Behold, the glorious Basilique Notre-Dame de Montréal!
Pictures really cannot do justice being surrounded by such reverent beauty, but at least you can get some idea.
Love the detail:
St. Peter w/ the keys:
Aaand the outside:
And now a little about the basilique. The bastilique was designed and built when the original Montreal Catholic congregation outgrew their first cathedral, the parish church of Notre Dame (built in 1672), which had served as the first cathedral of the Diocese of Montreal. Irish-American architect James O’Donnell was commissioned to design the new building. A proponent of the gothic revival, he produced the beauty we see today with its pointed arches, flying buttresses, and intricate detail. Although originally a Protestant, he eventually converted to Catholcism on his deathbed (In 1830), possibly so that he could be buried in the chambers of his masterpiece. He is, in fact, the only person buried in the church’s crypt.
Upon the exterior completion of the bastilique in 1843, it was the largest church in North America and remained so for the next fifty years. The interior took a bit longer, and was completed in 1879. Unlike most churches, the stained glass windows depict scenes from the religious history of Montreal, rather than Biblical scenes. (Which I found interesting.)
The bastilique also features a small chapel called, “Chapel of Notre-Dame du Sacré-Cœur (Our Lady of the Sacred Heart),” which is used for more intimate settings such as weddings and funerals.

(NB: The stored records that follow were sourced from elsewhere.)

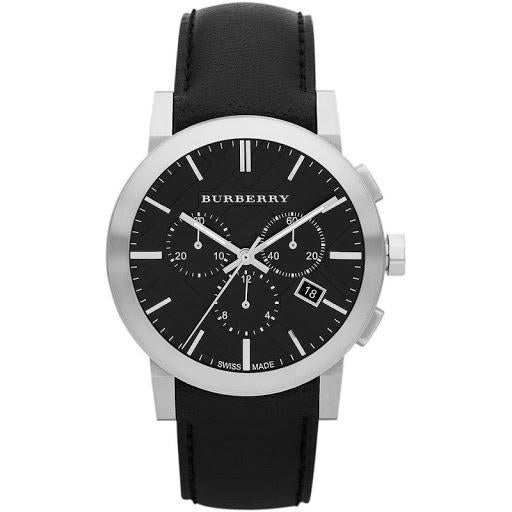Mens City Black Leather Strap Chronograph Silver Burberry  display picture 3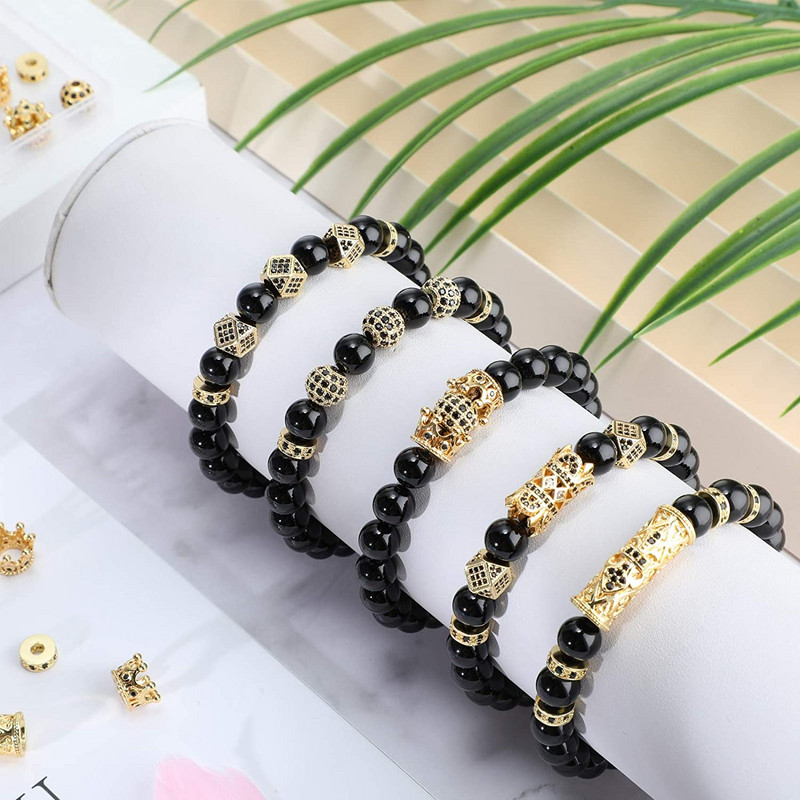 3 tk Micro Pave tsirkooniumoksiidi helmed ümmarguse geomeetriaga metallist kuubikujulised tsirkoonhelmed meisterdamiseks käevõru kaelakee disainiga ehete käsitöö tegemiseks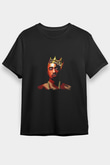 Tupac Baskılı Unisex Siyah Tişört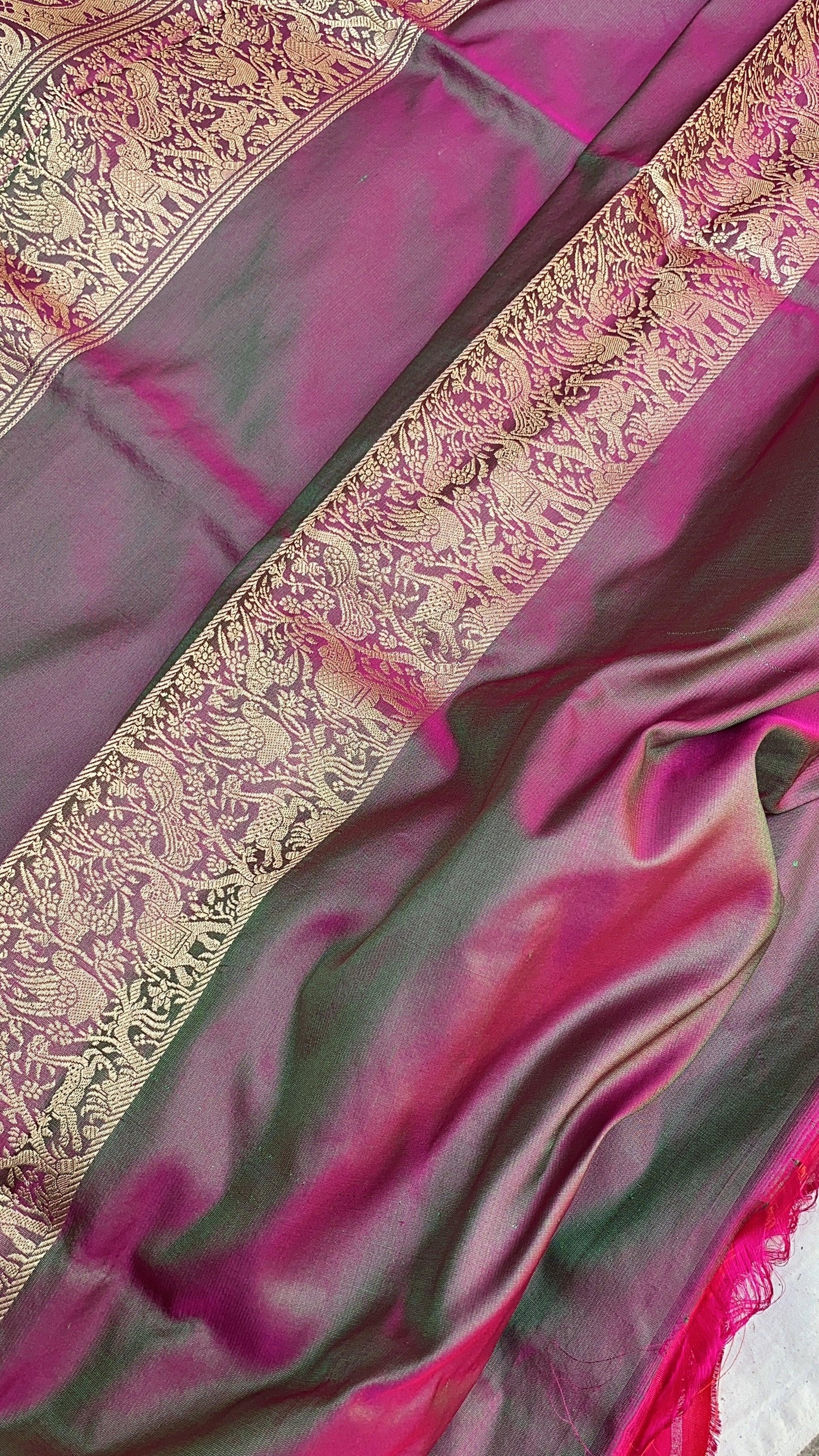 Radiant Greenish Pink Handloom Banarasi Silk Kadhwa Shikargaah Dhoop Chaav Sari by Shades Of Benares - banarasi - banarasi saree shop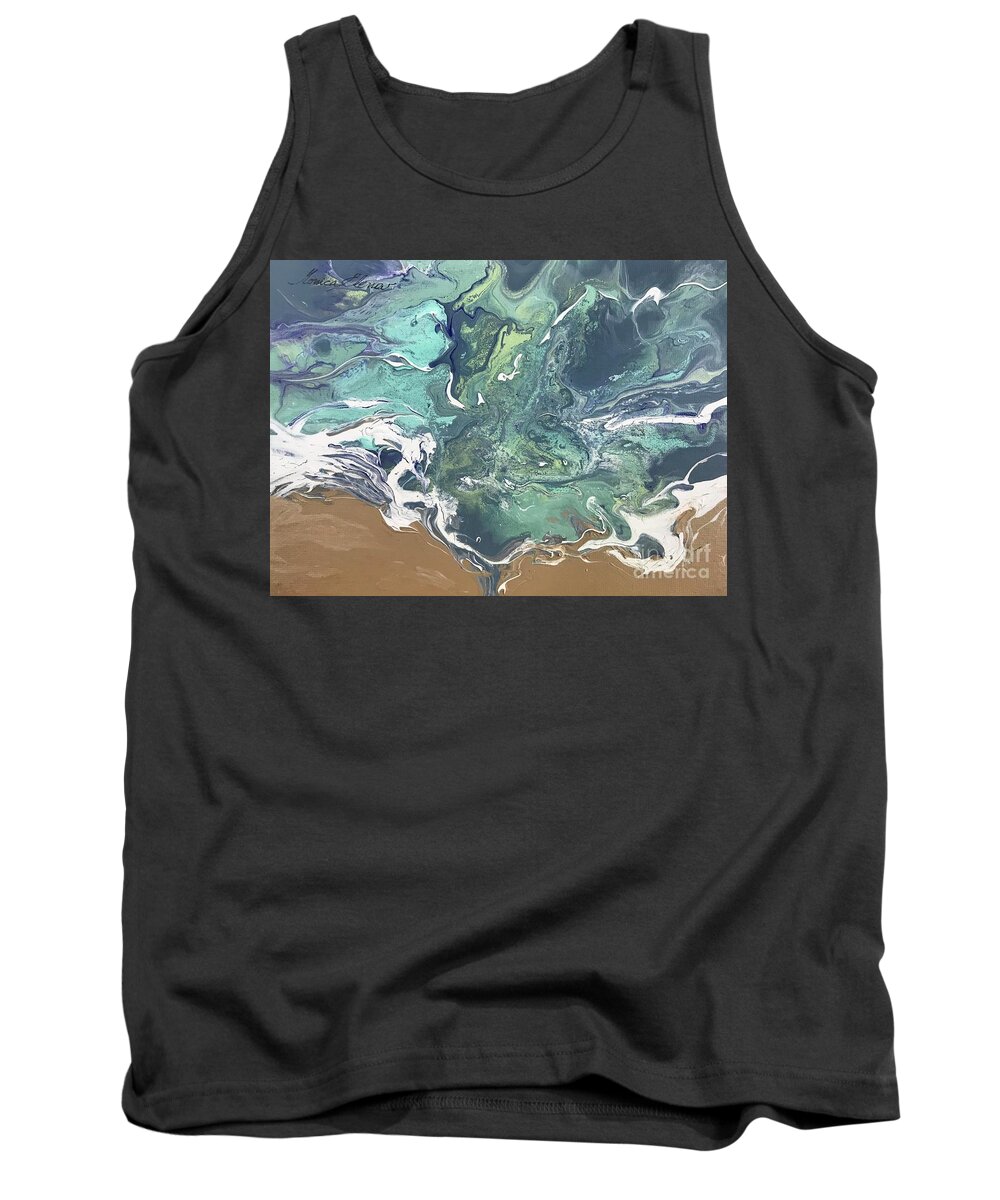 Shore Tank Top featuring the painting Grateful for the tide II by Monica Elena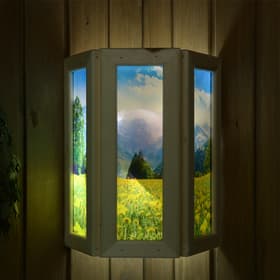 Абажур для бани и сауны «Одуванчики», 33×29×12 см, деревянный, настенный, со стеклом, с УФ-печатью, «Добропаровъ»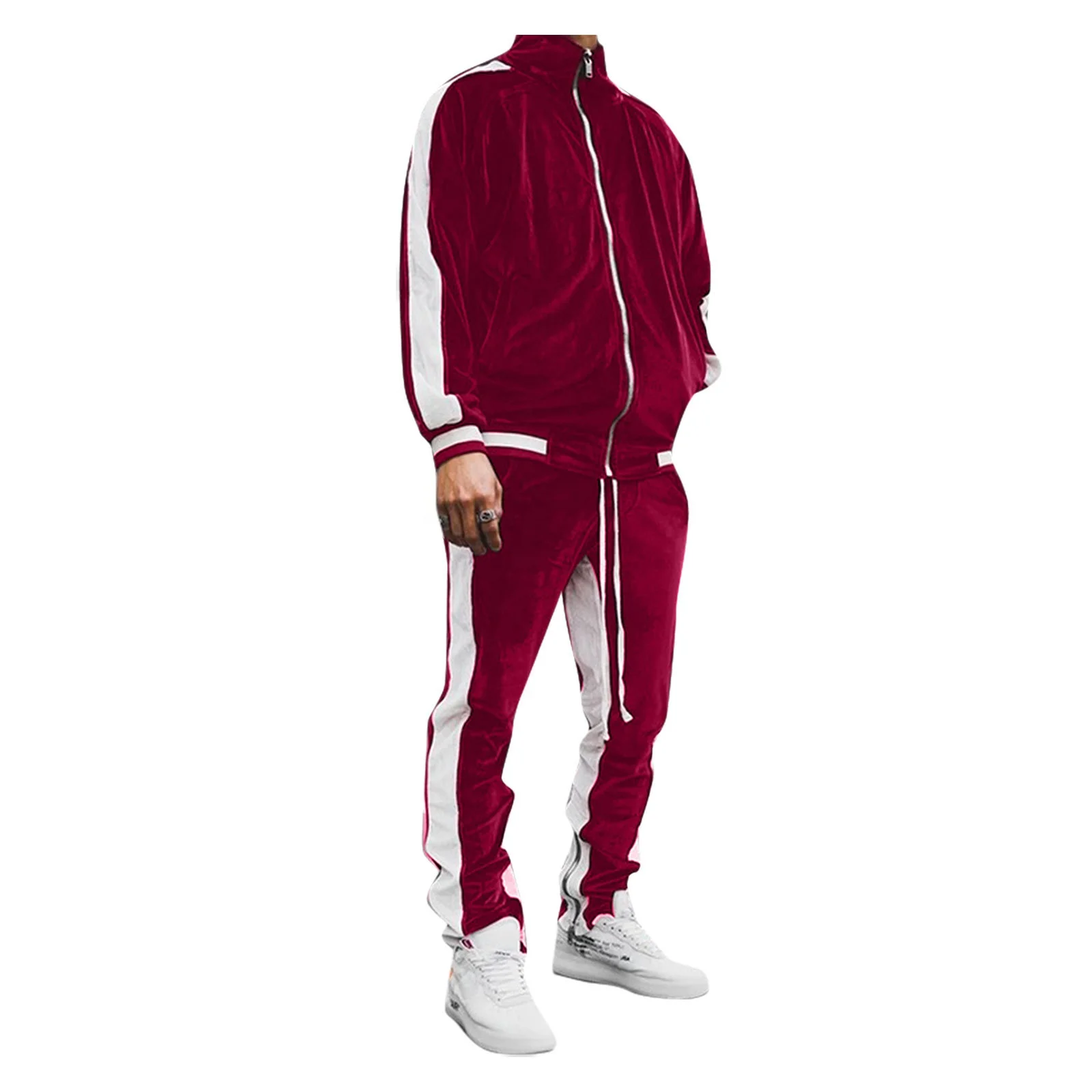 

LW 6666 New arrival best quality velvet velour tracksuits with zipper hoodie and jogger comfortable soft velvet tracksuit men, 2 colors available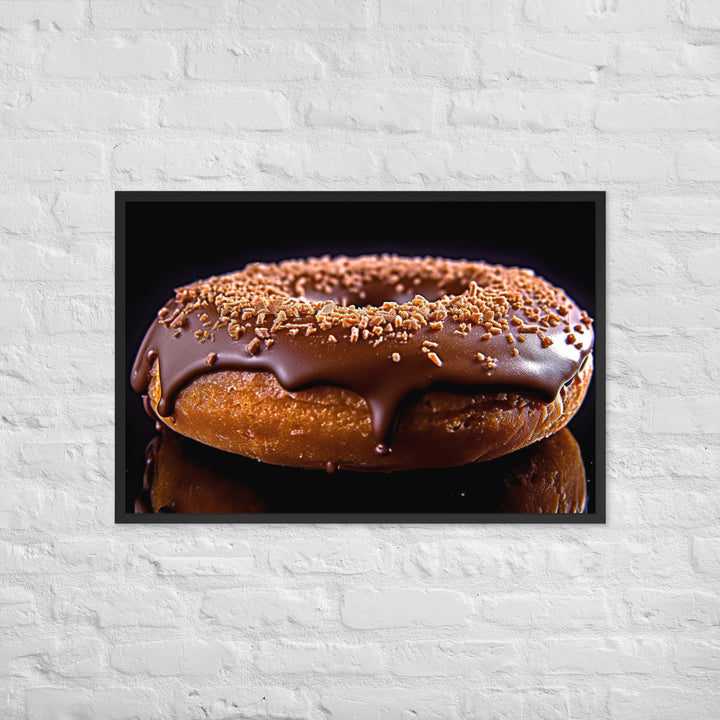 Chocolate Frosted Donut Framed poster 🤤 from Yumify.AI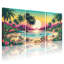 Ensemble de 3 tableaux sur toile représentant un coucher de soleil sur une plage tropicale, avec palmiers et fleurs.-1087649166
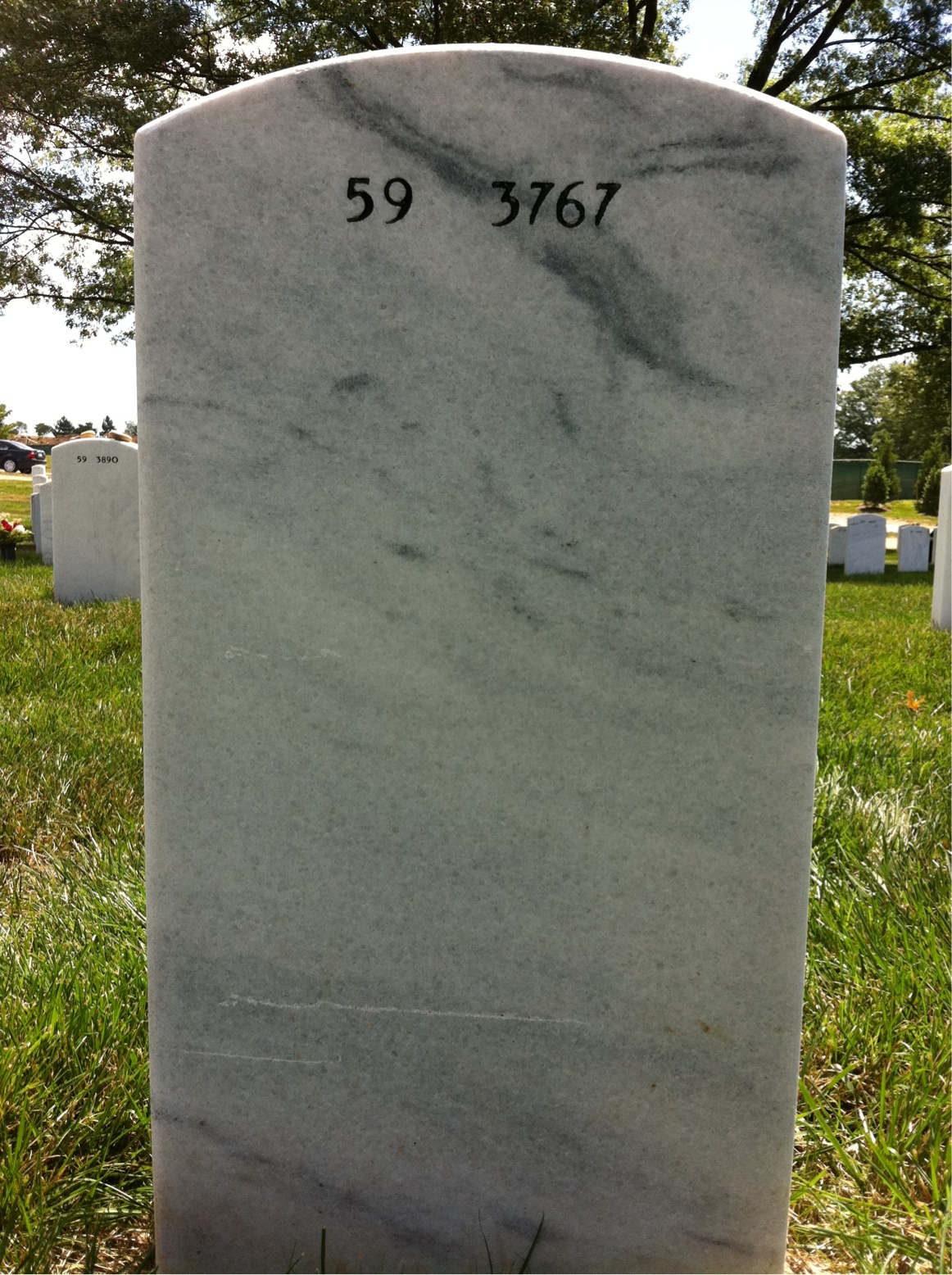 Back of headstone — Jacob Alexander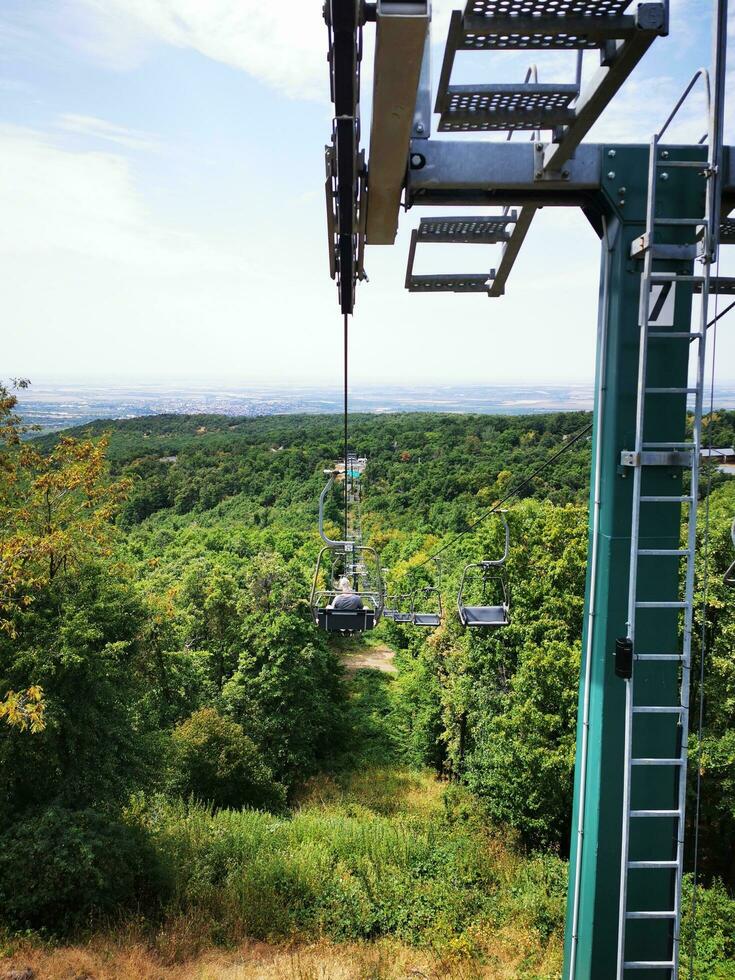 Foto von ein atemberaubend Aussicht von ein üppig Wald von das oben von ein szenisch Aufzug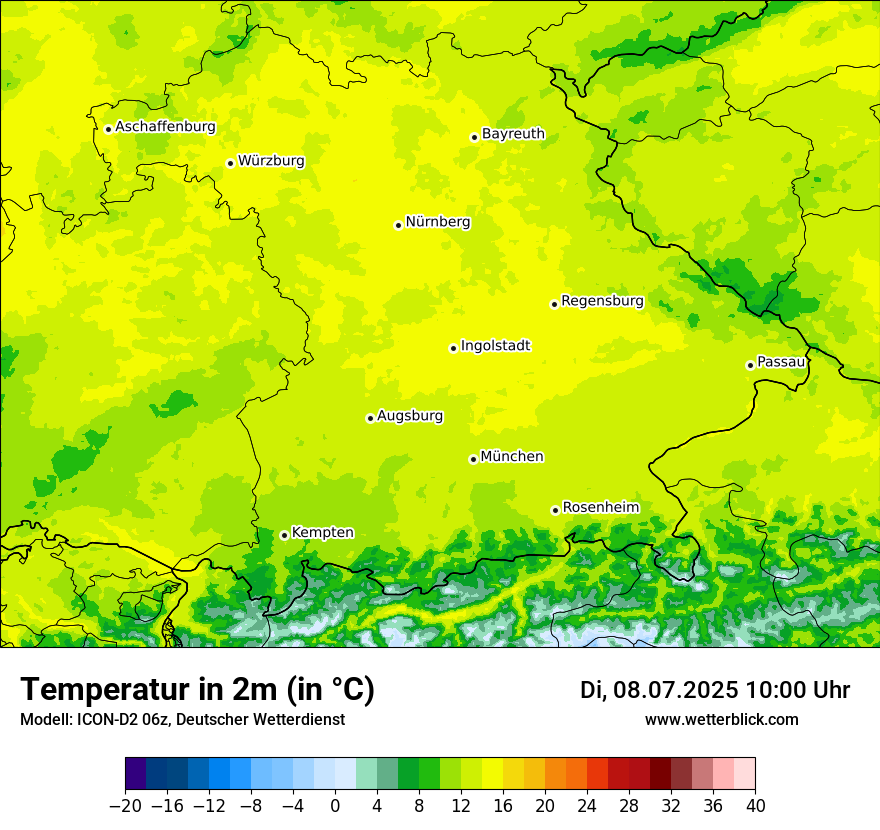 Modellkarten Temperatur
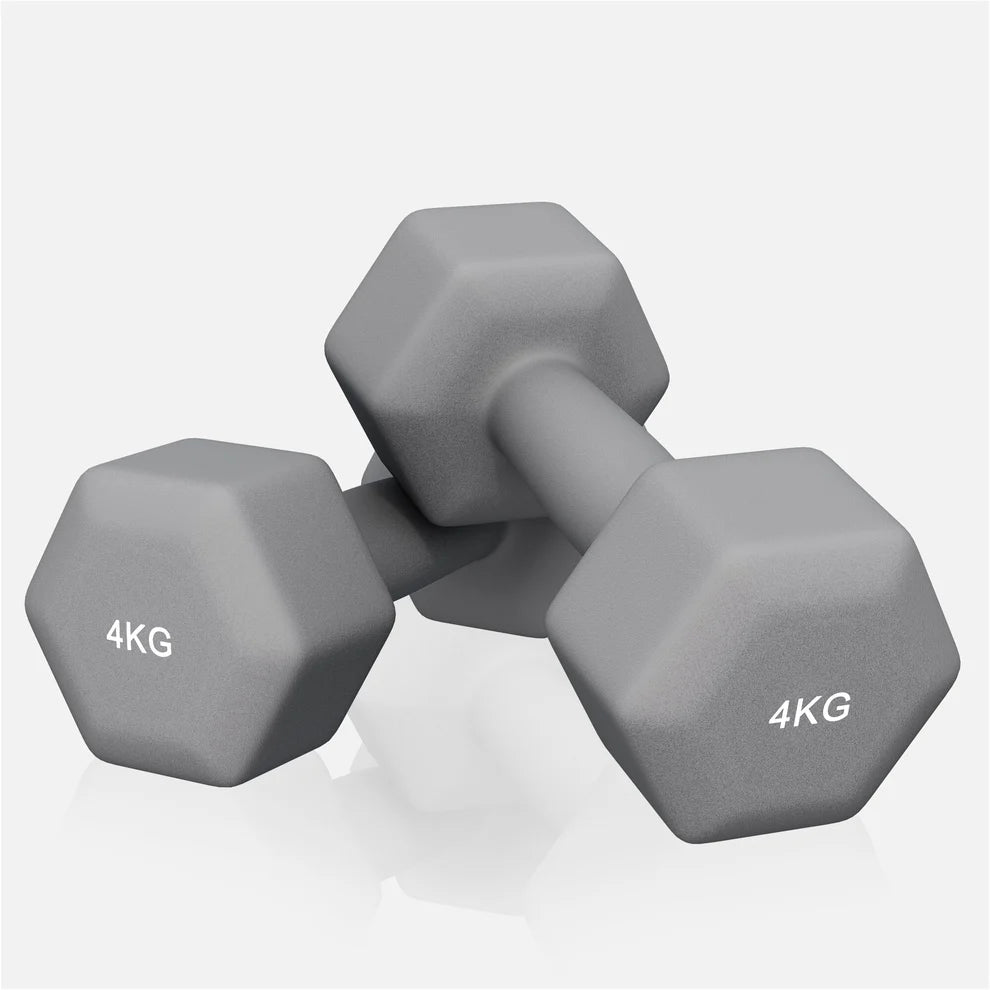 Aerobic / Neopreenikäsipainot, 4kg / 2kpl, 20,5x9cm, Harmaa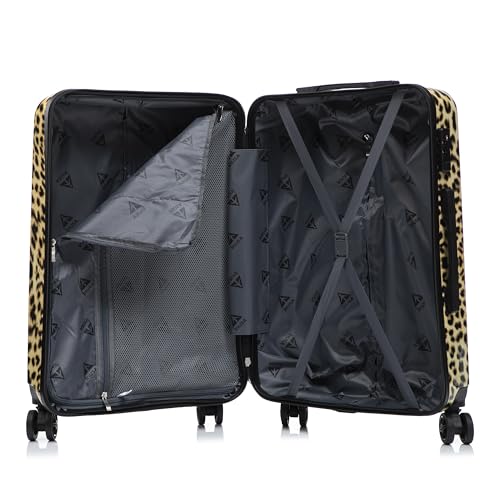 InUSA Cheetah Print Luggage with Spinner Wheels | Durable Lightweight Hardside Suitcase | Travel Bag with Handle and Trolley | (20in, 24in, 28in) 3 Piece Set - color: Cheetah, size: 3 Piece Set (20/24/28)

I got one quick shot of it, but was quickly ushered out before I could go in because there was a wedding! (Wish it had been mine!! ^-~)
We were also lucky to catch the tail end of an organ performance when we first entered the bastilique. This great casavant organ is over 100 years old and boasts of 7,000 pipes! The largest pipe measures 32 feet and the smallest 1/4 of an inch. Wow. Here it is in all it’s splendor:
I could go on and on sharing more pictures and stories of countless saints and stained glass windows featured in this beautiful church, but you really should just go check it out yourself. The bastilique requires a $5 entry fee for visiters, unless they are there to attend the mass. (Which I hope to attend next time.) They also offer a light show Tuesday-Saturday evenings for $10 ($9 for seniors and $5 for children.) You can get there by taking the metro to Place d’Armes. I highly recommend visiting this glorious bastilique–it is well worth the five bucks!